Jika keseharian Anda dipenuhi dengan narasi filsafat barat yang positifis nan materialis sehingga berujung pada pemikiran 'sebenarnya di mana Tuhan di tengah landskap luas peradaban manusia, bahkan perjalanan evolusi alam semesta sejak jutaan tahun lalu?', maka buku ini patut Anda jadikan kimia 'pembasuh' dada Anda yang membara.
Atau jika perjalanan ibadah ritual Anda terasa kering tak berbekas di hati, maka buku ini bisa dijadikan 'kimia' pendingin hati sehingga berbuah cinta bagi sesama.
Buku ini memiliki empat bab utama yang dimulai pengetahuan tentang diri, pengetahuan tentang Tuhan, pengetahuan tentang dunia ini, dan diakhiri dengan pengetahuan tentang akhirat.
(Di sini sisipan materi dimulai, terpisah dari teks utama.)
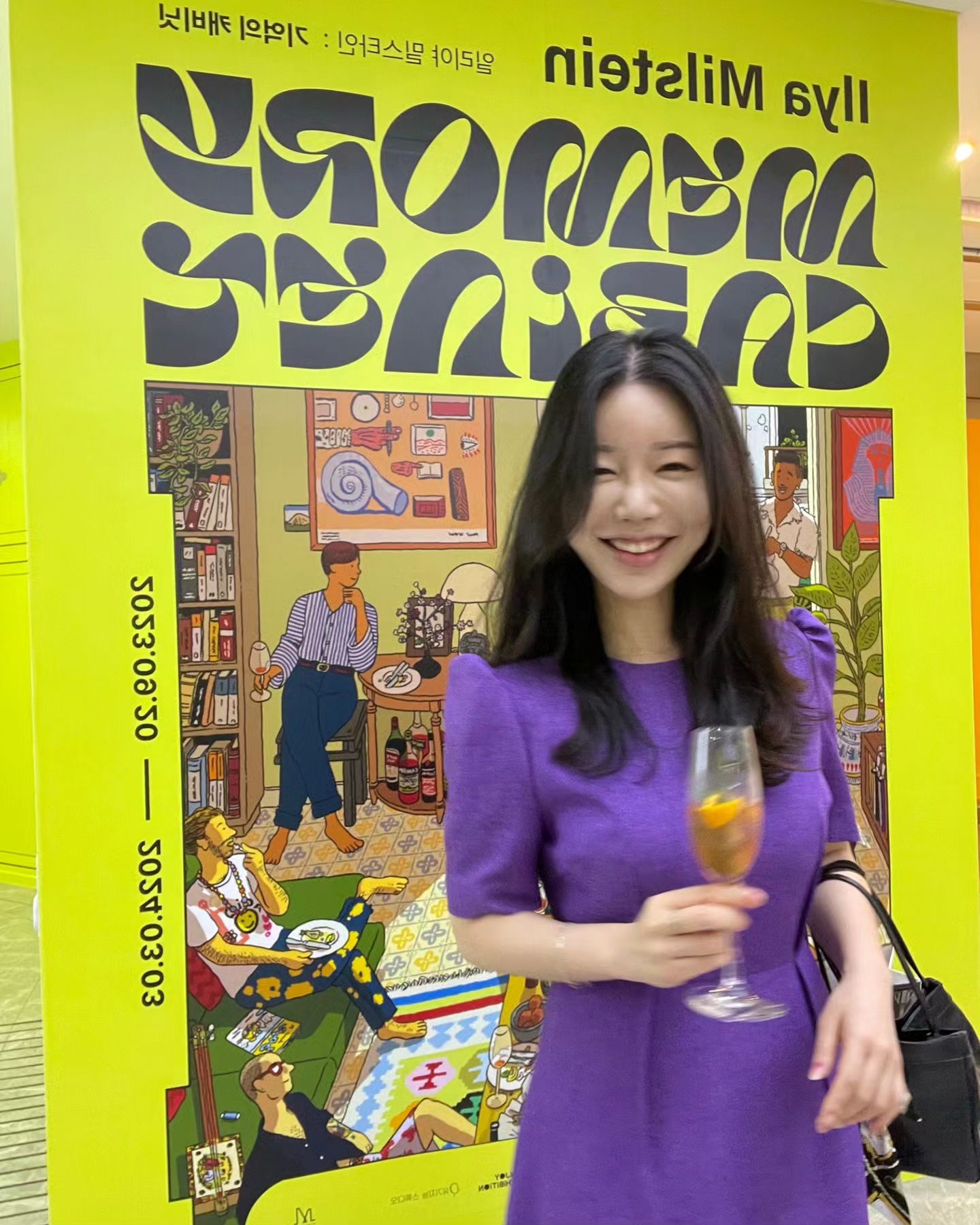 #일리야밀스타인 #기억의캐비닛 
#마이아트뮤지엄 뮤지엄 #김지안의전시추천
Para pembaca buku 'babon' kampus-kampus humaniora di Indonesia, Filsafat Manusia karya Zainal Abidin, perlu melengkapi perpektifnya dengan bab pertama buku ini yang membahas secara singkat namun esensial tentang manusia menurut narasi wawasan Islam.
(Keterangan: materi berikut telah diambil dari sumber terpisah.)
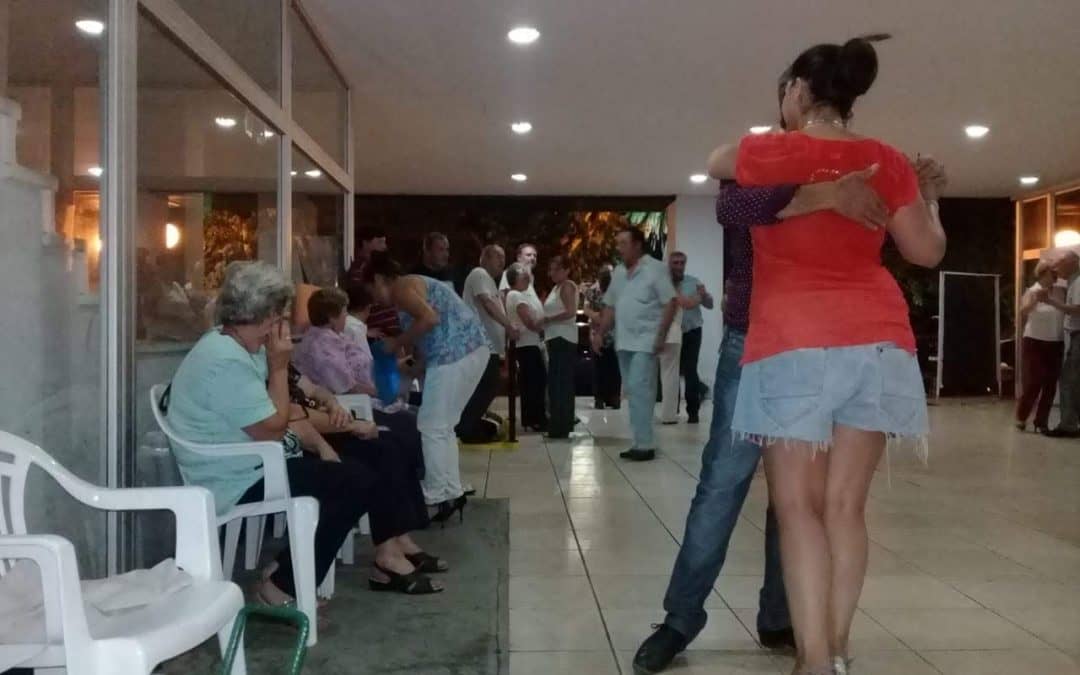 LA NOCHE DE LOS MIÉRCOLES SE BAILA EN EL PATIO DEL CENTRO CIVICO AL COMPAS DE “TANGO EN LA CALLE”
"Siapakah Anda, dari mana Anda Sekarang? Ke mana Anda pergi, apa tujuan Anda datang lalu tinggal sejenak di sini?" Dibahas secara indah oleh Sang Hujjatul Islam.
Pemahaman yang baik atas 'fakultas-fakultas' diri yang dibagi menjadi bagian jasadi, dan ruhani, menjadi pijakan awal bagaimana kita memahami diri, dan mengelola pribadi. Yang kemudian mengantarkan kita ke koridor pemahaman akan Tuhan, di bab kedua.
"Jika seseorang manusia merenungkan dirinya, ia akan tahu bahwa sebelumnya ia tidak ada." Tulis Imam Al-Ghazali yang senada dengan Alquran surat Maryam [19]: 67 yang berbunyi, "Tidakkah manusia tahu bahwa sebelumnya ia bukan apa-apa?"
Dalam bab ini Al-Ghazali paham betul dan efektif menjawab kejahilan berbagai kalangan saat memahami Tuhan, seperti kejahilan orang atheis yang menyimpulkan Tuhan itu tidak ada, kejahilan naturalis yang menganggap jiwa itu tidak ada sehingga mustahil ada akhirat, kejahilan orang munafik yang lemah iman sehingga salah memaknai 'ibadah kepada Allah', hingga kejahilan kaum sufi ekstrem yang telah off-side memaknai rahmah dan keadilan Allah SWT.
Pembahasan kemudian berlanjut pada bab pengetahuan tentang dunia. Di sini, jelas narasi yang dikemukakan berkebalikan 180 derajat dengan narasi duniawi yang banyak dikemukakan dalam khasanah perspektif barat.